The development of the WYSIWYG project was directly shaped by the concepts and frameworks introduced in the Communication Theory course. Rather than serving as a theoretical reference added after the design process, communication theory functioned as a methodological foundation that informed key decisions at every stage of the project.

First, the course reframed our understanding of communication as a process of meaning-making rather than message transmission. This perspective allowed us to identify the core problem of contemporary hackathons not as a lack of opportunities, but as a communicative failure rooted in information asymmetry. By applying this framework, we approached hackathons as communicative systems in which expectations, interpretations, and social contexts play a critical role.

The Uses and Gratifications approach was particularly influential in shaping the audience strategy. Instead of treating participants as a homogeneous group, we analyzed their motivations — such as skill validation, social recognition, and identity formation. This shift formed both the general and professional presentations, where transparency is framed not as a feature, but as a response to concrete audience needs. The structure of the participant-facing presentation reflects this logic by prioritizing clarity, agency, and informed choice.

Dialogic communication theory further guided the positioning of the brand. Traditional hackathon promotion often relies on one-way persuasive messaging, emphasizing excitement while withholding procedural details. In contrast, WYSIWYG adopts a dialogic model in which communication anticipates questions, reduces uncertainty, and respects participants as active agents. This approach influenced not only the tone of voice but also the selection of channels and touchpoints, all of which are designed to support long-term trust rather than short-term engagement.

Semiotic theory played a key role in the development of the visual language. Glitch aesthetics and ASCII art were not used as stylistic references to «tech culture», but as communicative signs that expose underlying systems and processes.

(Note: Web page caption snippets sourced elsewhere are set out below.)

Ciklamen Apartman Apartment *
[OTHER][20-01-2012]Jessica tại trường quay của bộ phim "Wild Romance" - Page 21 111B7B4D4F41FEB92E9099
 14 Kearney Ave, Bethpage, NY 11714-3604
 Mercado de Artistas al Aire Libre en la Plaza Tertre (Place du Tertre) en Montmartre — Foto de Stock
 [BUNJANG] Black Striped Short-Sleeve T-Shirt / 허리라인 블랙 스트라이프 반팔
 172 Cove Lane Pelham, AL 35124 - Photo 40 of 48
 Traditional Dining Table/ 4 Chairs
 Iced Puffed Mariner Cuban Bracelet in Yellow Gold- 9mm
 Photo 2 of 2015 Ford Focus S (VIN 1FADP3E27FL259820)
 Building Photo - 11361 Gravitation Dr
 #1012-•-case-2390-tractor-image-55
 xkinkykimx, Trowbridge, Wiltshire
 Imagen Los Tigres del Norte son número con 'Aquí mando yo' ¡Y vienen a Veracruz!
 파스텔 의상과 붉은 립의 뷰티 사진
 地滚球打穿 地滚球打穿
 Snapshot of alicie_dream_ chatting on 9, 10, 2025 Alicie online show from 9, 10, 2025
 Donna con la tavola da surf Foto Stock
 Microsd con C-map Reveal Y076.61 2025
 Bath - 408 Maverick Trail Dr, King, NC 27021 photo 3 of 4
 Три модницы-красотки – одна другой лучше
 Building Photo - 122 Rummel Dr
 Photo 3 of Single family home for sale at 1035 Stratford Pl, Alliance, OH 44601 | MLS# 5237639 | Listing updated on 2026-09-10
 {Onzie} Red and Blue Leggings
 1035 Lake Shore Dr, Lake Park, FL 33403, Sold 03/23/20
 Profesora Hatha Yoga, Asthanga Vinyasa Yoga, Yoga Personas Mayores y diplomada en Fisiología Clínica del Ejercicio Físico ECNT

These visual elements reinforce the brand’s commitment to transparency by making technical structures visible rather than concealing them behind polished surfaces.

Finally, the sociocultural perspective emphasized the ethical dimension of communication design. Lectures addressing power relations, ideology, and participation highlighted how opaque communication formats can reinforce exclusion and social anxiety. This understanding positioned WYSIWYG not merely as a brand, but as a critical intervention into the culture of competitive programming events.


Overall, communication theory provided the conceptual tools to move from intuition to intentionality. It enabled us to design a brand that operates as a coherent communicative system, aligns meaning across different audiences, and demonstrates how theoretical frameworks can be applied to contemporary design practice in a concrete and socially relevant way.